BCC enters into certain transactions with the Other segment in the form of intercompany guarantees
and other subsidies.
Restructurings and Restructuring Requests
From time to time, certain customers have requested a restructuring of their transactions with BCC. As
of December 31, 2009, BCC has not reached agreement on any restructuring requests that would have
a material adverse effect on its earnings, cash flows and/or financial position.
Other Segment
(Dollars in millions)
Years ended December 31, 2009 2008 2007
Revenues $ 165 $ 567 $ 308
Loss from operations $(152) $(307) $(331)
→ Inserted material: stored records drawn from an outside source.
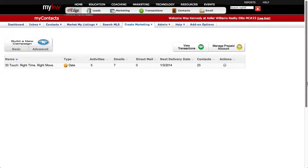eEdge marketing campaigns are easy to set up. They take about two minutes to initially set up and only a few seconds to add contacts to them after they're set up. You can have multiple different campaigns running at one time. Come to a training session on this part of eEdge to learn more.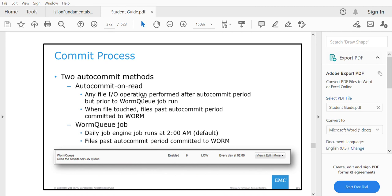There are two commit processes: auto commit on read and the WORM queue job. The WORM queue job runs on a schedule or manually, and it finds files that have passed the commit period and puts them into WORM state. Auto commit on read means any file that has an I/O operation after the auto commit period but before the WORM queue job runs will be auto committed. When a file past its auto commit period is touched, it is committed to WORM state.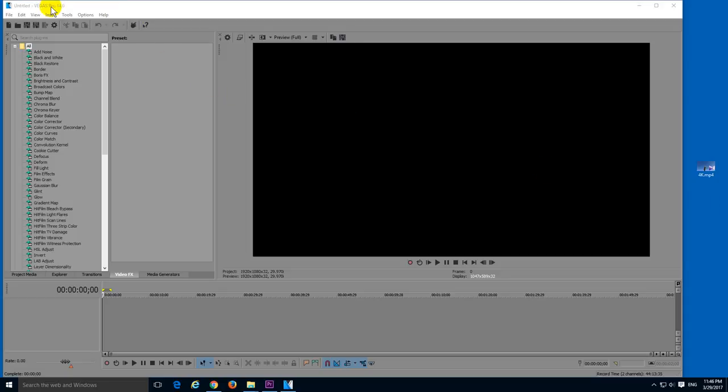Okay, let's see how to crop down a 4K video into a full HD video using Vegas Pro version 14.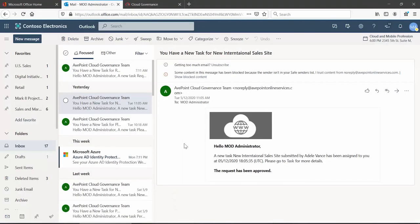Thanks for watching this short video on how to customize approver notification emails using cloud governance.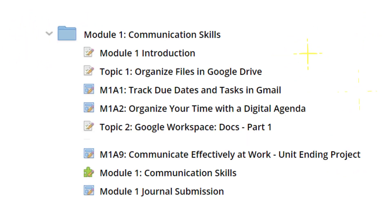Each module is set up similar to the one on the screen. Each module has a course introduction, topic pages, module assignments, as well as a module test, and a module journal submission.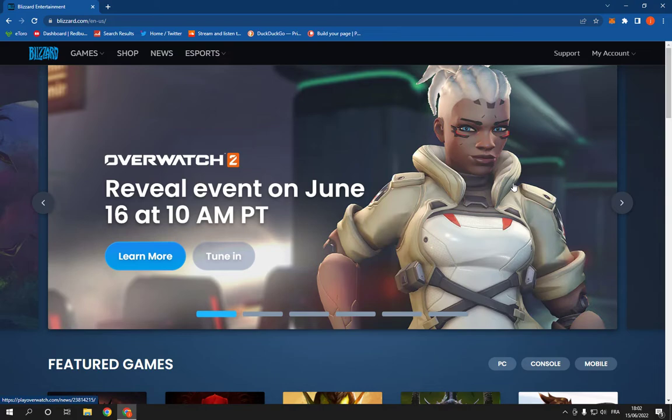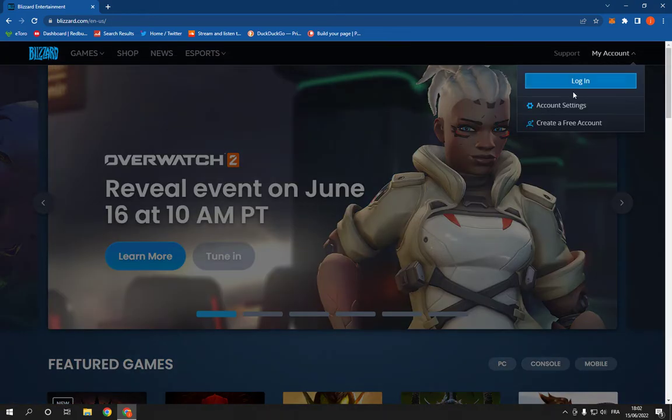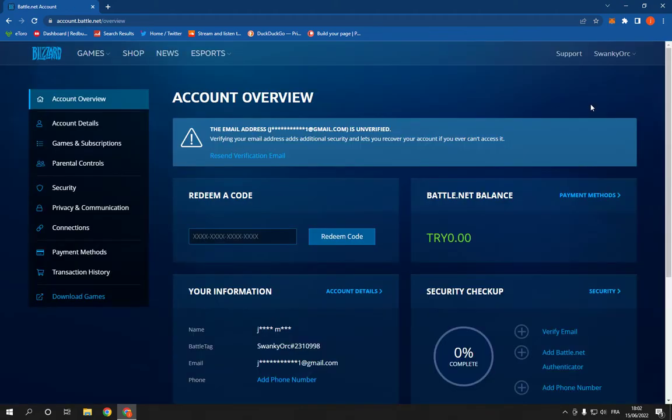Now all what you have to do is simple, just follow with me please. First thing, go here on my account and click on account settings and it will take you directly to this page.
Effective January 1, 2008, certain intercompany items were realigned between the Other segment and
Unallocated expense. Business segment data for all periods presented have been adjusted to reflect
the realignment. Other segment revenues for the year ended December 31, 2009 decreased by $402
million compared with 2008 primarily due to the sale of three C-17 aircraft in 2008 held under operating
lease. Other segment operating losses for the year ended December 31, 2009 decreased by $155
million primarily due to recognition of pre-tax expense of $82 million in the prior year to increase the
allowance for losses on customer financing receivables related to lower U.S. airline customer credit
ratings. During 2009, Other segment recognized $76 million in lower charges relating to environmental
remediation than in 2008.
Other segment revenues for the year ended December 31, 2008 increased by $259 million compared
with 2007 primarily due to the sale of four C-17 aircraft held under operating lease, three of which were
sold in 2008. Other segment operating losses for the year ended December 31, 2008 decreased by
$24 million compared with 2007 primarily due to $50 million in lower environmental and certain other
charges offset by the recognition of a provision for losses of $82 million related to lower U.S. airline
customer credit ratings. The provision for losses amount has been recorded in the Other segment as a
result of intercompany guarantees we provide to BCC.